Dear One.
Agreement 4/5, how to expand into your sparkly wholeness, lands now.
Where we’ve been:
- Hold yourself with fierce compassion and safety.
- Keep things simple, small, and slow.
- Release what you think you know.
- Practice and commit.
- Stay relentlessly curious.
A sneak peek into my new book, Unbroken: Remember Your Wholeness, a manifesto to healing in a world that keeps us sick, suffering, and stuck, available later in 2023.
As always, sending you so much love.
Practice and commit.
We’re flowing even when it doesn’t feel anything like flow, remember? So, how do we achieve optimal flow, the zone? It’s not accidental. It must be intentional. To harness the powerful energy of neuroplasticity, to get our biology activated to realize our goals and dreams, we must practice. Daily practice helps us acquire and deepen the well-developed skill set we must have to experience our zone. And remember, the zone isn’t just for the exceptional few, the elite athletes, artists, and dancers. It’s for all of us.

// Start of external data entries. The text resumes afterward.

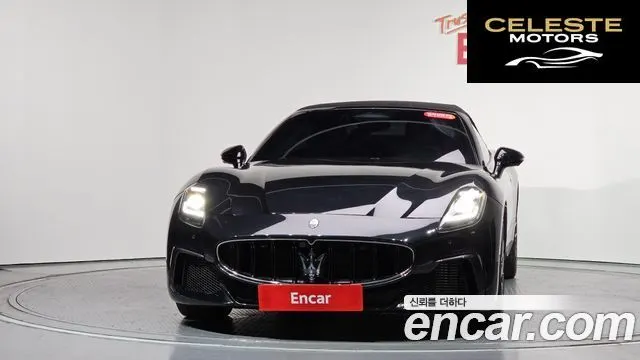 MASERATI GranCabrio 23.0 V6 Trofeo 2024 — photo 2 sur 20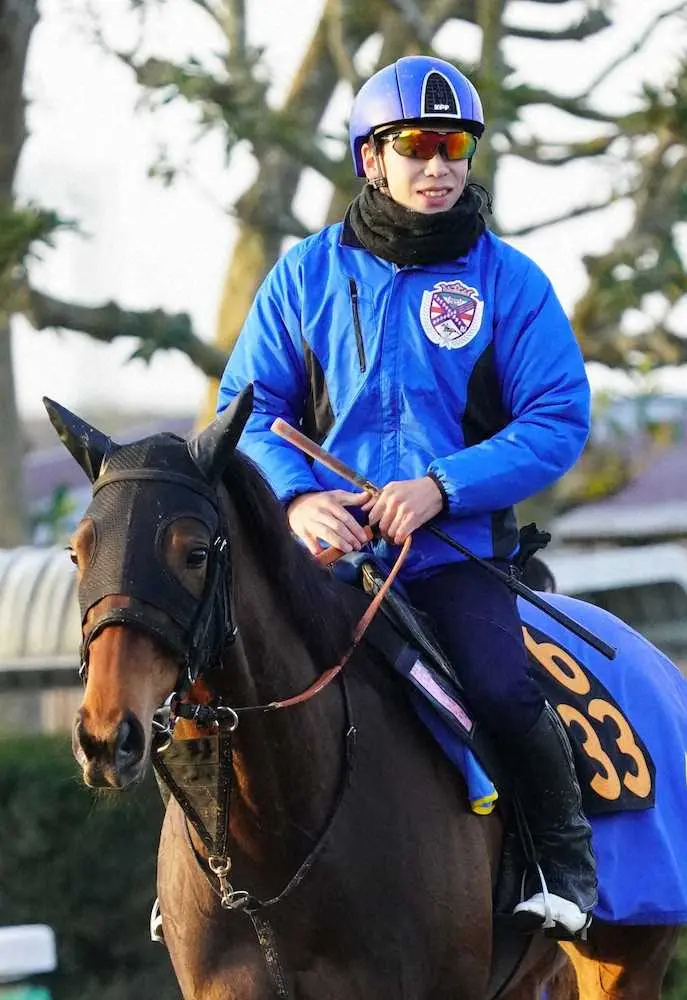 シンティレーションの追い切りを終え笑顔の横山武（撮影・村上大輔）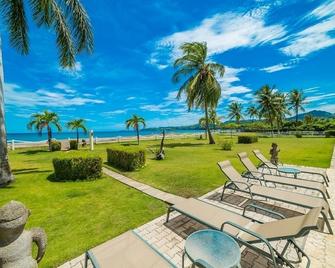 Beach Front Feet in the Sand, Ocean View, 1 BR 1BA, Ocean Front Pool - Potrero - Patio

A well-ingrained habit needs daily practice for thirty to ninety days, depending on who you ask. Point is, it takes practice to create the new mind grooves of neuroplasticity that allow us to succeed. Ideally this practice occurs when conditions for learning are optimal—when your energy is best, your mind is the most alert, and you are not distracted so the task has your undivided attention. These conditions don’t have to be “perfect” though. If we waited for the perfect time, perfect energy, perfect everything, we wouldn’t practice at all.
One of the greatest motivators for me is knowing what’s at stake when I avoid doing what I need despite the discomfort that can arise. I won’t get to feel the way I want to feel. I won’t get to unleash my potential. I won’t get to heal my suffering. And there’s a clock ticking. This is my finite life. If I don’t do it now, I might not get to. Interviews with people on their death beds reveals their deepest regrets are what they didn’t do, not what they did do.[1]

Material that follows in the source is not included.